Na Torá Oral há dois componentes – Halachá e Agadata. A Halachá constitui cerca de noventa por cento do Talmud e quase todo os Midrashim Haláchicos. A Agadata forma os outros dez por cento do Talmud – distribuída desigualmente entre seus tratados – e praticamente a totalidade das outras obras Midráshicas.
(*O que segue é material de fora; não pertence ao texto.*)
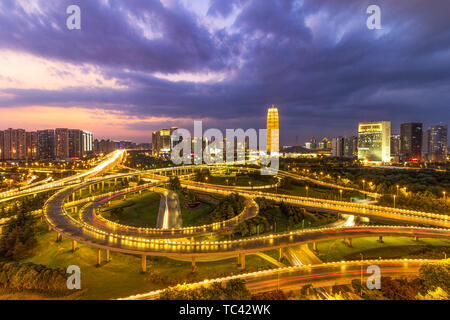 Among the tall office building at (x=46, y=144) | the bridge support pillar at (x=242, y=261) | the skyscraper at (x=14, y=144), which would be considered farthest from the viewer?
the tall office building at (x=46, y=144)

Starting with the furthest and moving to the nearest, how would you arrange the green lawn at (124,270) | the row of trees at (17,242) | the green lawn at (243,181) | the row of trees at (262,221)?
the green lawn at (243,181), the row of trees at (262,221), the row of trees at (17,242), the green lawn at (124,270)

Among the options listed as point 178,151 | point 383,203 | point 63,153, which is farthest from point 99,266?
point 63,153

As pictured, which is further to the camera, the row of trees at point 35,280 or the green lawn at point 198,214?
the green lawn at point 198,214

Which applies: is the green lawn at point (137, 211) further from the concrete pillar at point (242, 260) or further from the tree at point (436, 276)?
the tree at point (436, 276)

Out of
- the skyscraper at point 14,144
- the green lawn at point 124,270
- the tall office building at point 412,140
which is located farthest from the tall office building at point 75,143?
the tall office building at point 412,140

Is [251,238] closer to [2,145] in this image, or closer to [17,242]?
[17,242]

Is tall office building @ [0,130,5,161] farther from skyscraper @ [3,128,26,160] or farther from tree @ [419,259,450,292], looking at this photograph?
tree @ [419,259,450,292] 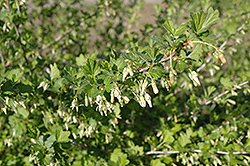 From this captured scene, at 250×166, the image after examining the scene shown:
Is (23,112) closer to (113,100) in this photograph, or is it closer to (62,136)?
(62,136)

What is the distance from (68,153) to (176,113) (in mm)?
1280

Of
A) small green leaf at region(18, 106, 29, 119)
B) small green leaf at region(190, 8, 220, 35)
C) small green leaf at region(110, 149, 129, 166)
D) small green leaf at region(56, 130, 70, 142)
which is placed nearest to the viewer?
small green leaf at region(190, 8, 220, 35)

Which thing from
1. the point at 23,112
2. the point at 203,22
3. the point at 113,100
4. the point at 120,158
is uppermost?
the point at 203,22

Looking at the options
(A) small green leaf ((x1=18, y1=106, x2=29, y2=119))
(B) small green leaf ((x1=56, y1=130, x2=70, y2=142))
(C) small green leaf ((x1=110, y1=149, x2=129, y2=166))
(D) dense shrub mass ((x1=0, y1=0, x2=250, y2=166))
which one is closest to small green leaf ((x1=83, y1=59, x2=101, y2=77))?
(D) dense shrub mass ((x1=0, y1=0, x2=250, y2=166))

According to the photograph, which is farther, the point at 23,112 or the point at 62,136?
the point at 23,112

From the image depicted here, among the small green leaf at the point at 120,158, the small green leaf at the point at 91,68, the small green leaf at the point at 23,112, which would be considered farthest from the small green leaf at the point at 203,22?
the small green leaf at the point at 23,112

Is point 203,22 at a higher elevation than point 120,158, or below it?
higher

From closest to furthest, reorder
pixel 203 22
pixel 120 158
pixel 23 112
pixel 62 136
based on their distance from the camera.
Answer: pixel 203 22
pixel 62 136
pixel 120 158
pixel 23 112

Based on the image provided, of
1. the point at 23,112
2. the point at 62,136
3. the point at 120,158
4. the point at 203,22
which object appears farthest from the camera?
the point at 23,112

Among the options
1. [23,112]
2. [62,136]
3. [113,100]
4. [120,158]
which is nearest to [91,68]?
[113,100]

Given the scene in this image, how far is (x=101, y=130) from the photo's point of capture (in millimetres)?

A Halachá é a mais fácil de definir das duas categorias. Consiste de definições, fontes e explicações das Leis da Torá. A Agadata, por outro lado, consiste do mundo das idéias judaicas. Basicamente lida com os princípios da fé, filosofia e idéias éticas do Judaísmo. Além disso, inclui todas aquelas interpretações dos versículos e histórias bíblicas que não estão relacionados com a Lei Judaica; exposições da importância das leis e as recompensas e punições que elas acarretam; histórias da vida dos justos; lições em aperfeiçoamento do caráter; e até, às vezes, algo que se parece com conselhos práticos sobre assuntos mundanos, como negócios e saúde.Agadata, em contraste com a metodologia direta e lógica da Halachá, transmite seus ensinamentos através de meios menos diretos. A Agadata é muitas vezes intencionalmente obscura e daí sua mensagem – com freqüência uma das idéias mais básicas do Judaísmo – vem revestida naquilo que parece ser parábolas, enigmas, ou mesmo conselhos práticos sem conteúdo religioso aparente. Os textos escriturais geralmente são entendidos de modo exegético em vez de simplesmente, apesar do dito talmúdico de que o simples significado do versículo é sempre verdadeiro (Talmud Shabat 63a). [Baseado em R. Aharon Feldman, The Juggler and the king, págs. xxi-xxii]
Estudo em chavruta
Resumindo, o Talmud é um complemento da Bíblia. Preenche as lacunas e explica as leis da Torá. Além disso, inclui histórias e ditos que tanto direta quanto alegoricamente oferecem a filosofia e sabedoria do Judaísmo. No entanto, o Talmud é um texto difícil de ler porque contém muitas discussões (que ocorreram durante centenas de anos) na forma de prova e refutação . As progressões lógicas se prestam a citações fora do contexto que representam uma presunção que pode ser derrubada em seguida.

O Talmud e a Torá

O Judaísmo considera a Torá sua obra mais sagrada, Divina, e as leis bíblicas são consideradas mais importantes. O Judaísmo vê a Torá (os Cinco Livros de Moshê) como a palavra literal de D’us. Os Profetas (Yehoshua, Shemuel, Melachim, Yeshayáhu, Yirmiyáhu, Yechezkel e os Doze Profetas) são as palavras divinamente inspiradas dos profetas ao povo e as Sagradas Escrituras (Tehilim, Mishlê, Job, Shir Hashirim, Rut, Echá, Cohêlet, Esther, Daniel, Ezra e Divrê-Hayamim) são as palavras divinamente inspiradas dos profetas para serem inscritas. A Torá é o livro mais sagrado do Judaísmo e é tratada com respeito especial. O que se segue foi extraído do Kitzur Shulchan Aruch (Código resumido da Lei Judaica) nas leis sobre o tratamento a um Rolo de Torá.Kitzur Shulchan Aruch 28:33

Uma pessoa é obrigada a tratar um Rolo de Torá com grande respeito e é louvável que se designe para ele um lugar especial e que este local seja respeitado e embelezado. Não se deve cuspir em frente a um Rolo de Torá e não se pode segurá-lo sem um tecido [entre o Rolo e as mãos nuas]. Aquele que presencia um Rolo de Torá sendo carregado deve se levantar até que o Rolo seja colocado em sua posição ou até que a pessoa não possa mais vê-lo.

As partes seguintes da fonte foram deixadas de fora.